Reader Question: What's the most complex data structure you've ever run into or had to program against?

My personal one was the "Mortgage Industry Standards Maintenance Organization" (you can download it if you're bored) which is a monster DTD that includes just about everything a real estate/mortgage or financial company could want.  In any case, creating "fake" data [for a customer prototype using BizTalk] for this thing was tough, and showing how each different partner organization could use part of this data in their application as part of an orchestrated process was tougher.

Here's another one (although I haven't written code for this), the Visual Studio 2005 has a way to export your IDE settings into a *.vssettings file. So I did this with C# Express and I got a nice 400K size text file. Ouch! To be fair, most of the size appears to be Base64 encoded data which bloats the file size quite a bit.

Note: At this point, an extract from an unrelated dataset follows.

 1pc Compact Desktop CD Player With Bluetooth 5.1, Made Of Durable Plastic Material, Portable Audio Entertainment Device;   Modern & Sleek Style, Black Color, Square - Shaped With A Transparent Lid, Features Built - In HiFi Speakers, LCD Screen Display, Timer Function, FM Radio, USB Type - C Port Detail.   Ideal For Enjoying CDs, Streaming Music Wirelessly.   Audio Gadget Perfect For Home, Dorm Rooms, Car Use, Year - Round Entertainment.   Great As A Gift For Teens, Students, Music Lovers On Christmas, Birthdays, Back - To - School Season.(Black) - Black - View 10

Back to the question: What's the most complex data structure you've ever run into or had to program against?

Comments

  • Anonymous
    January 27, 2005
    Anything coming out of the HL7 consortium.
  • Anonymous
    January 27, 2005
    MSDN!
  • Anonymous
    January 27, 2005
    does this count:

    export all the data from an UN DOCUMENTED Oracle Database and then convert it to a format for importing to a new database.

    many, many, many tables and some very strange data.... with no docs!
  • Anonymous
    January 27, 2005
    ACORD - Insurance Standard

    Anything you would ever want to know about any type of insurance. (And there is a ton you may want to know.)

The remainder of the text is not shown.